What is blood pressure?

Your heart pumps blood around your body through tubes called blood vessels. Blood pressure is the pressure of blood against your blood vessels as it moves through your body.

This pressure is necessary to make the blood flow, delivering nutrients and oxygen throughout your body.

However, high blood pressure, also called hypertension, means there is too much pressure in your blood vessels. This can damage your blood vessels and cause health problems.

HOW IS BLOOD PRESSURE MEASURED?

A cuff (thick band) is put over your arm, and this is attached to a machine which measures the pressure inside your arteries. When the machine is operating the cuff tightens and then slowly loosens again. It is quick and painless. At the end, the machine will give a blood pressure reading.

Blood pressure is measured in millimetres of mercury (which is written as mmHg).

WHAT DO THE NUMBERS MEAN?

A blood pressure reading contains two numbers and will be written as a figure like 120/75 (this is said as ‘120 over 75’.)

The first (top) number is the pressure when your heart beats (systolic pressure). The second (bottom) number is when your heart relaxes (diastolic pressure).

Systolic pressure is the peak of blood pressure reached when the heart muscle contracts. It’s a measure of how hard the heart works. As people’s arteries become hardened or constricted, the pressure increases and the heart struggles to nourish the body.

Diastolic pressure, the lower number, is the lowest pressure reached in the arteries as the heart rests between beats. Similarly, a higher diastolic reading indicates less efficient arteries.

WHAT IS A NORMAL BLOOD PRESSURE READING?

For most people an ideal blood pressure is 120/75, or lower.

However, the blood pressure that is ‘ideal’ for you depends on many factors, including your overall risk of heart attack and stroke.

If you’re already on high blood pressure medication, your ideal blood pressure will be 130/80 or below.

WHAT IS HIGH BLOOD PRESSURE?

High blood pressure, also called hypertension, is blood pressure that is higher than normal. Anyone can develop high blood pressure, but it becomes more common as you get older. If you have diabetes or chronic kidney disease, it is even more important to manage your blood pressure.

Once you have high blood pressure, it usually needs to be monitored for life.

WHY DOES HIGH BLOOD PRESSURE MATTER?

High blood pressure can lead to strokes, heart attacks, heart failure and kidney failure. Finding and treating high blood pressure early helps prevent these problems. Making changes to the way you live, like eating better and exercising, and taking your medications as prescribed by your doctor will help you to control high blood pressure.
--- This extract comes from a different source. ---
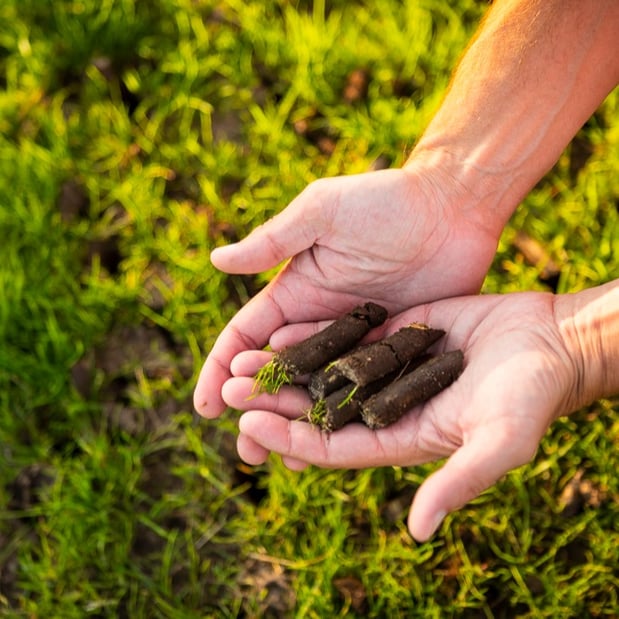 lawn care technician holding soil aeration cores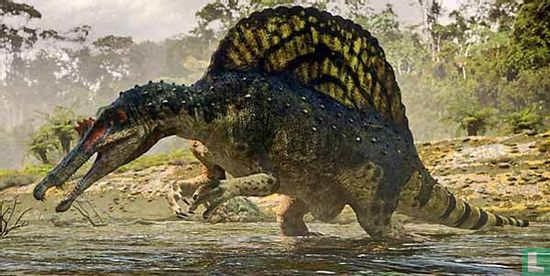m-76 Spinosaurus tand origineel - Afbeelding 3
Whether or not you have high blood pressure, it is important to have your blood pressure checked regularly. High blood pressure has no warning signs or symptoms – which is why it is often called a ‘silent killer.’

WHAT YOU CAN DO?

Experts around the world offer much the same advice for preventing or treating high blood pressure: engage in moderate physical activity, eat lots of fruits and vegetables, maintain a healthy weight, cut down on salt and booze, avoid processed meat, and don’t smoke.

Deep breathing and other relaxation techniques have been shown to lower blood pressure too. A set of studies earlier this year suggests a daily cup (eight ounces) of blueberries can help to lower blood pressure and improve heart health.

We can’t feel high blood pressure, so we need to get our blood pressure measured periodically in order to determine our risks.

The single most important thing that a person with high blood pressure can do is to have an ongoing relationship with a primary care provider. Go to your doctor, establish what your blood pressure is, and then when that changes, your doctor will recommend steps that will keep you from the clutches of the world’s biggest ‘silent killer’.

Big takeaway: Have your blood pressure checked at least once every year by a health care provider, or more often if your blood pressure is high.